Der Herr hat das kontinuierlich weiter trainiert und wurde irgendwann sogar angesprochen, ob er sich nicht die Teilnahme an einem Wettkampf vorstellen kann. Ich denke das beantwortet die Frage perfekt, denn genau das muss der Weg sein: Raus aus der Reha und zurück zu alter Stärke oder darüber hinaus.

Die Leute, die richtig Angst vor Eisen haben, bekomme ich trotzdem schwer zur Langhantel. Aber ich kann kreativ werden: Statt der Hantel kann ich Senioren beispielsweise auch einen vollgepackten Weidenkorb heben lassen.
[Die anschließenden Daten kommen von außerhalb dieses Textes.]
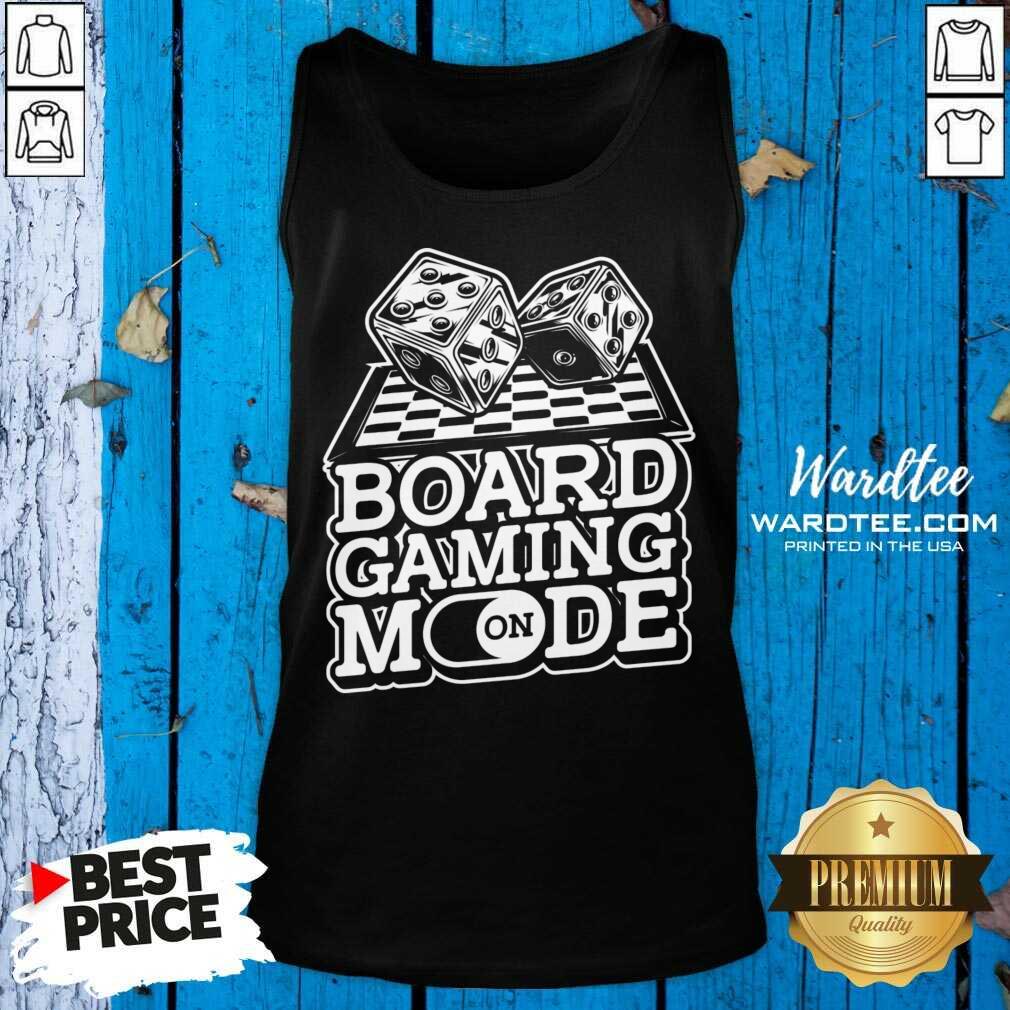 Board Gaming Mode On Shirt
Das Training bleibt das Gleiche, nur das Trainingsmittel ändert sich. Bei einigen Zielgruppen ergibt es manchmal Sinn, auf Kabelzug oder auf schwere Tubes und Gummibänder zu wechseln, um das Gewicht „zu verstecken“. Das ist immer noch nah genug am Alltag, sodass die Leute es machen, aber auch weit genug weg, dass nicht gesagt wird: „Und jetzt zahle ich 50 Euro im Monat, damit ich eine Wasserkiste hebe.“

Welchen Tipp können Sie Studios, aber auch Trainerinnen und Traineren an die Hand geben, um mit Powerlifting das bestehende Angebot perfekt abzurunden?

Was den Leuten – Trainern, Betreibern, aber auch Mitgliedern und Interessenten – klar werden muss: Leistungssport ist kein Gesundheitssport. Ob Powerlifting oder Marathon, beim einen sind es die hohen Gewichte, beim anderen die hohen Trainingsumfänge.
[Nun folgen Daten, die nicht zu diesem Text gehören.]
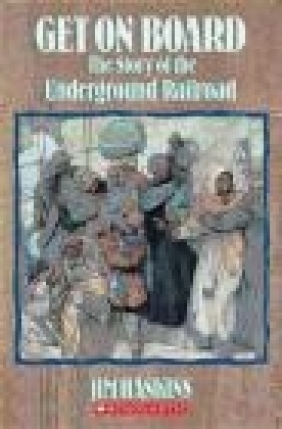 Get on Board the Story of the Underground Railroad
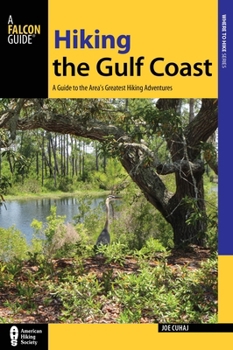 Paperback Hiking the Gulf Coast: A Guide to the Area's Greatest Hiking Adventures Book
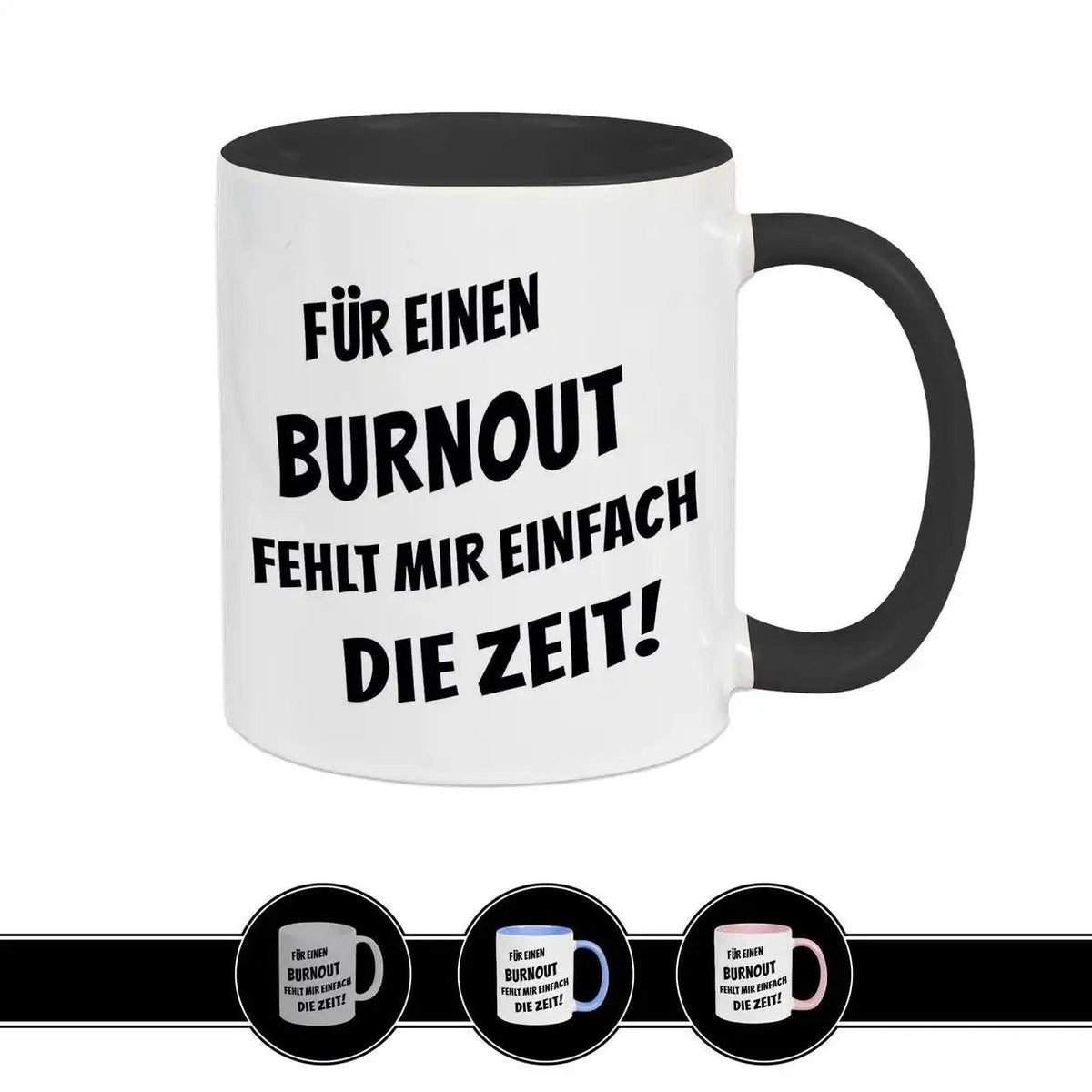 Tasse mit Spruch - Für einen Burnout fehlt mir einfach die Zeit - Druckerino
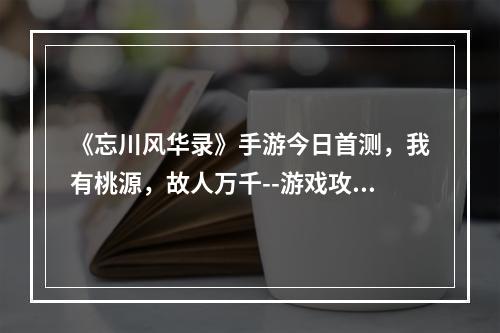 《忘川风华录》手游今日首测，我有桃源，故人万千--游戏攻略网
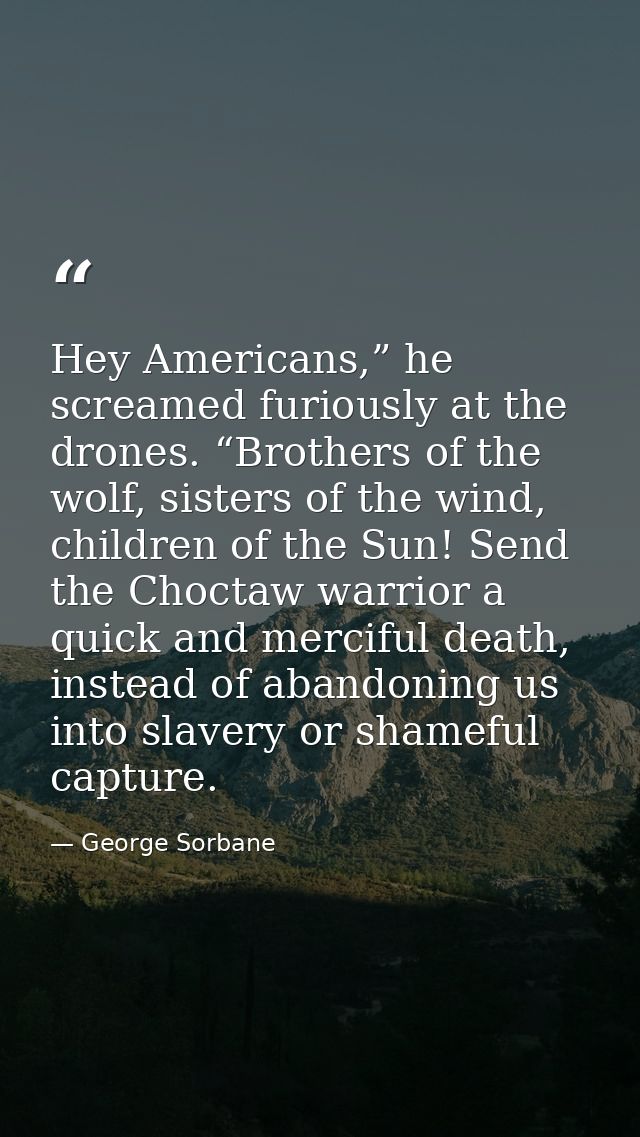 Hey Americans,” he screamed furiously at the drones. “Brothers of the wolf, sisters of the wind, children of the Sun! Se — George Sorbane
Dadurch ist Kraftsport generell nicht plötzlich viel ungesünder als andere Sportarten. Gleichzeitig bedeutet das aber nicht, das wo Leistung anfängt, Gesundheit aufhört.Daher ist Wettkampf gerade für diejenigen spannend, die sich so für Training interessieren.

Man lernt, was es heißt, so ein Training zu steuern und zu periodisieren. Es ist also ein gutes Mittel, um Erfahrungen zu sammeln. Das merkt man dann auch in der Art, wie bzw. welche Lizenzen absolviert oder Trainingspläne geschrieben werden.